All of the listing is to be written out word for word, with the pictures left out.

▸ **RECORDED DATA**
[Start of Attachment]

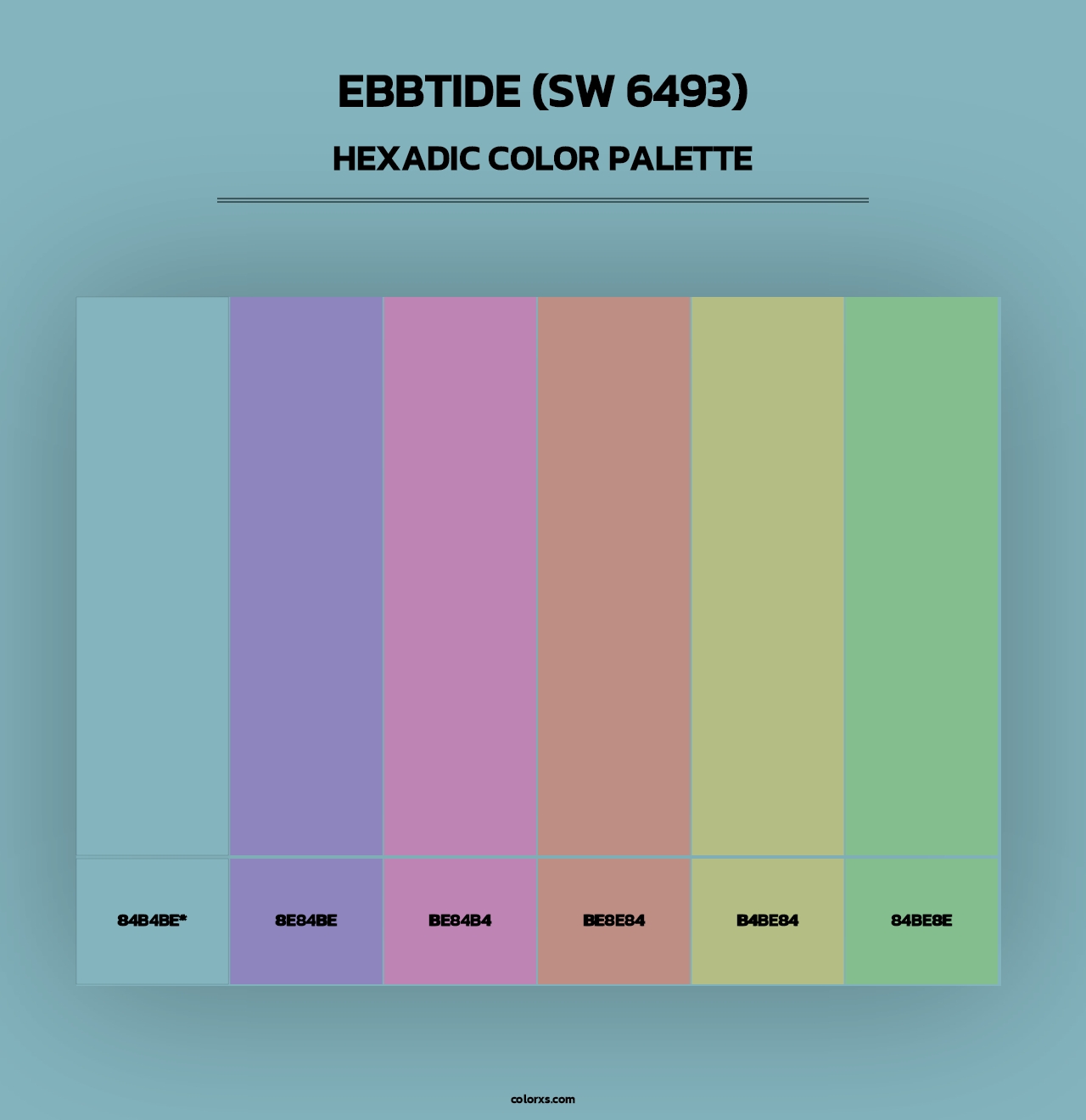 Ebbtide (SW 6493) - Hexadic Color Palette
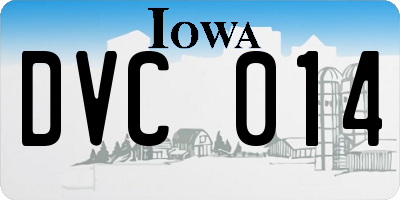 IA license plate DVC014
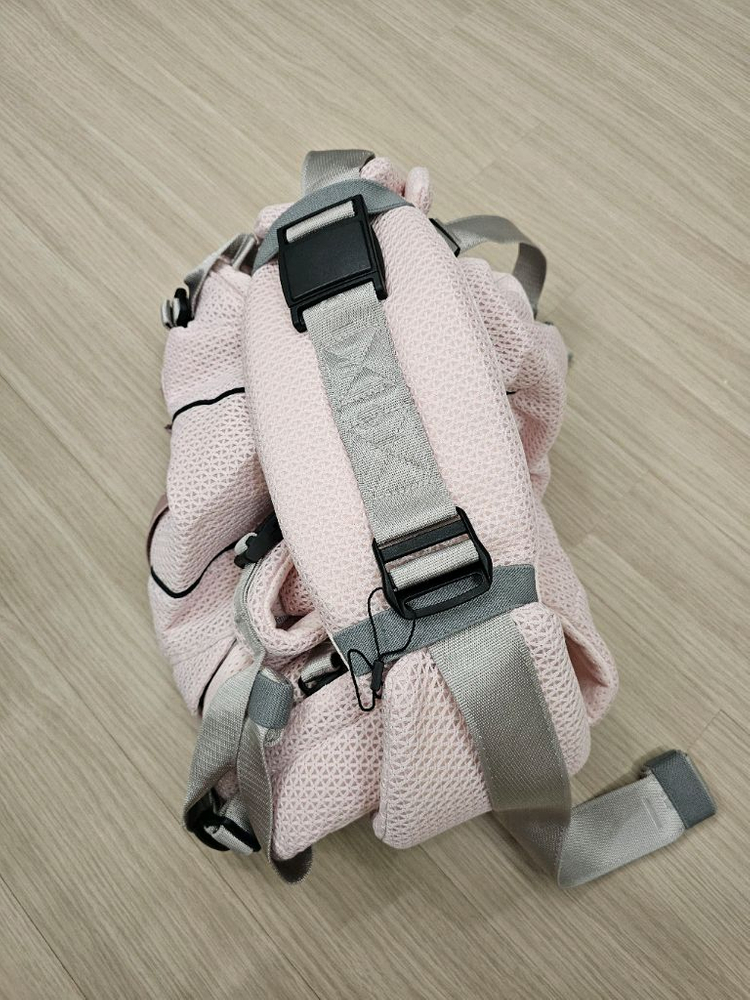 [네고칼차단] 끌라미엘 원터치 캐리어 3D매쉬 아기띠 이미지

[End of Attachment]

▸ **EXERCISE ANSWER**
 Ebbtide (SW 6493) - Hexadic Color Palette
 IA license plate DVC014
 [네고칼차단] 끌라미엘 원터치 캐리어 3D매쉬 아기띠 이미지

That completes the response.